[compiler-rt] [fuzzer][Fuchsia] Prevent deadlock from suspending threads (PR #154854)
via llvm-commits
llvm-commits at lists.llvm.org
Thu Aug 21 16:00:35 PDT 2025
https://github.com/PiJoules created https://github.com/llvm/llvm-project/pull/154854
Every once in a couple hundred runs of a downstream fuzzer test, we see a fuzzing test freeze while waiting for a thread to be suspended. The main thread is frozen because it's waiting to suspend either the alarm or rss thread which is stuck waiting for an exception they sent out to be handled. Specifically, both threads send out a synthetic `ZX_EXCP_THREAD_STARTING` exception to be handled by the crash handling thread which sets up an exception channel on the whole process with `ZX_EXCEPTION_CHANNEL_DEBUGGER`. This is the only channel type that listens to thread stop/start exceptions. Normally, the exception would be ignored and the alarm or rss thread would continue normally once the crash handling thread closes the read exception. However, the memory snapshot machinery can suspend this thread while its in the process of waiting for or handling a `ZX_EXCP_THREAD_STARTING` sent by either the rss or alarm thread. If this is suspended first, then we attempt to suspend either the alarm or rss thread while they're still waiting for the crash handling thread to handle its exception, we will freeze waiting for those threads to give the suspend signal, which they won't because they're blocked on waiting for the exception handler. This is the deadlock.

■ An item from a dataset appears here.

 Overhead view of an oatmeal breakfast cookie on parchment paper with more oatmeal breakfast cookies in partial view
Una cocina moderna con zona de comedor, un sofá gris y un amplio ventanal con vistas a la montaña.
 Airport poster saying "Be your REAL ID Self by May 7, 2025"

Until there's a way for the memory snapshot machinery to suspend the thread while it's stuck on an exception, then we can work around this in the meantime by just ensuring the alarm and rss threads start normally via signals on the initial startup path. I can assert locally the freezing doesn't occur after 6000 runs where prior we would see it every couple hundred runs. Note this type of issue can arise again if the fuzzing test launches any dangling threads that happen to not start yet. One of the recommendations for writing a fuzz test is that the test may launch threads, but they should be joined by the end of the test (https://llvm.org/docs/LibFuzzer.html#fuzz-target), so hopefully we won't see this type of bug rise frequently from fuzz tests. More broadly, this can also arise if any process launches its own debugger via `ZX_EXCEPTION_CHANNEL_DEBUGGER`, but I would think in practice this isn't very likely to happen.
More context in https://fxbug.dev/436923423.

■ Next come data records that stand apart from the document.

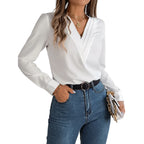 Elegant V-Neck Blouse from Baltere, featuring a stylish pleated neckline and long sleeves, showcasing a professional look in white.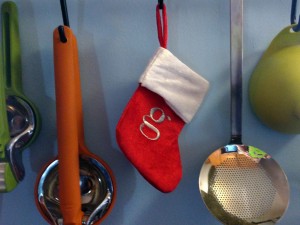 kitchen tools hanging from the wall, including a tiny christmas stocking with a "g" on it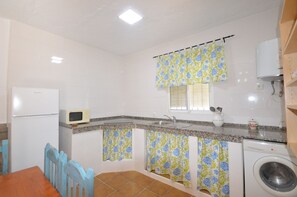 A compact kitchen with a refrigerator, microwave, sink, and washing machine. - Samuel house with community pool and porch (Conil De La Frontera)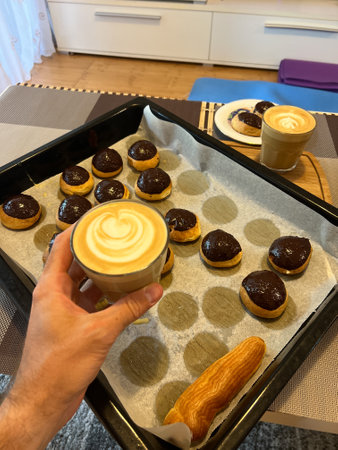 Glass of cappuccino in a man hand over a baking sheet with custard cakes with craquelins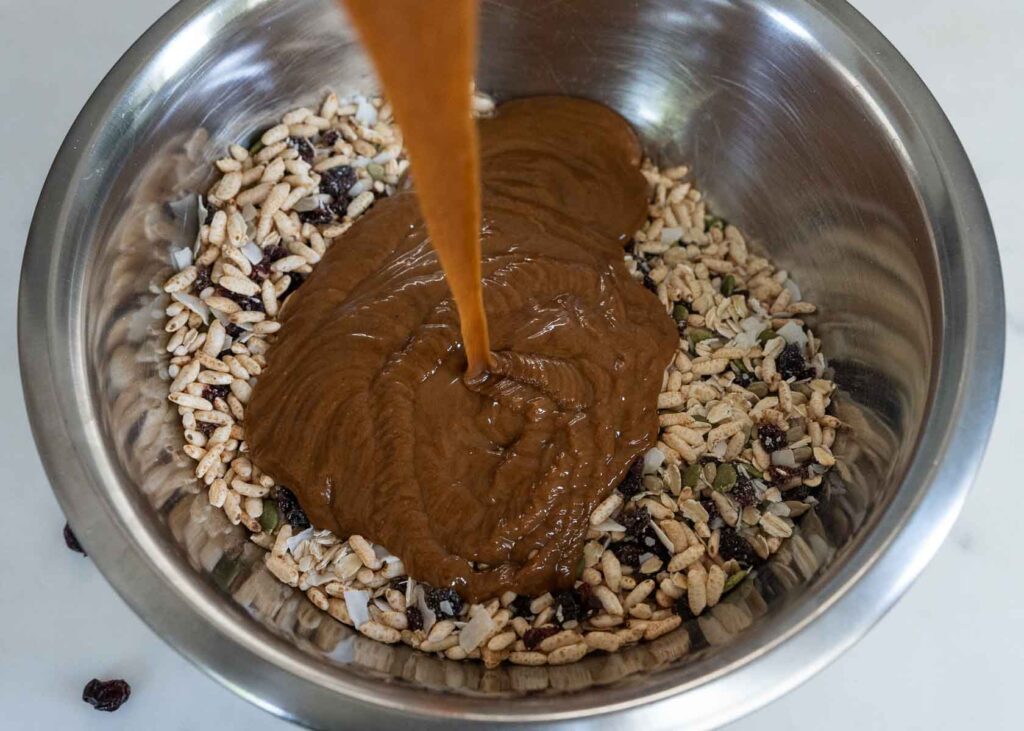 a bowl of ingredients for healthy homemade granola bars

>From bc090b99ad3216862e6c7935a372c7750fba70d2 Mon Sep 17 00:00:00 2001
From: Leonard Chan <leonardchan at google.com>
Date: Thu, 21 Aug 2025 22:31:55 +0000
Subject: [PATCH] [fuzzer][Fuchsia] Prevent deadlock from suspending threads
Every once in a couple hundred runs of a downstream fuzzer test, we see
a fuzzing test freeze while waiting for a thread to be suspended. The
main thread is frozen because it's waiting to suspend either the alarm
or rss thread which is stuck waiting for an exception they sent out to
be handled. Specifically, both threads send out a synthetic
`ZX_EXCP_THREAD_STARTING` exception to be handled by the crash handling
thread which sets up an exception channel on the whole process with
`ZX_EXCEPTION_CHANNEL_DEBUGGER`. This is the only channel type that
listens to thread stop/start exceptions. Normally, the exception would
be ignored and the alarm or rss thread would continue normally once the
crash handling thread closes the read exception. However, the memory
snapshot machinery can suspend this thread while its in the process of
waiting for or handling a `ZX_EXCP_THREAD_STARTING` sent by either the
rss or alarm thread. If this is suspended first, then we attempt to
suspend either the alarm or rss thread while they're still waiting for
the crash handling thread to handle its exception, we will freeze
waiting for those threads to give the suspend signal, which they won't
because they're blocked on waiting for the exception handler. This is
the deadlock.
Until there's a way for the memory snapshot machinery to suspend the
thread while it's stuck on an exception, then we can work around this in
the meantime by just ensuring the alarm and rss threads start normally
via signals on the initial startup path. I can assert locally the
freezing doesn't occur after 6000 runs where prior we would see it every
couple hundred runs. Note this type of issue can arise again if the
fuzzing test launches any dangling threads that happen to not start yet.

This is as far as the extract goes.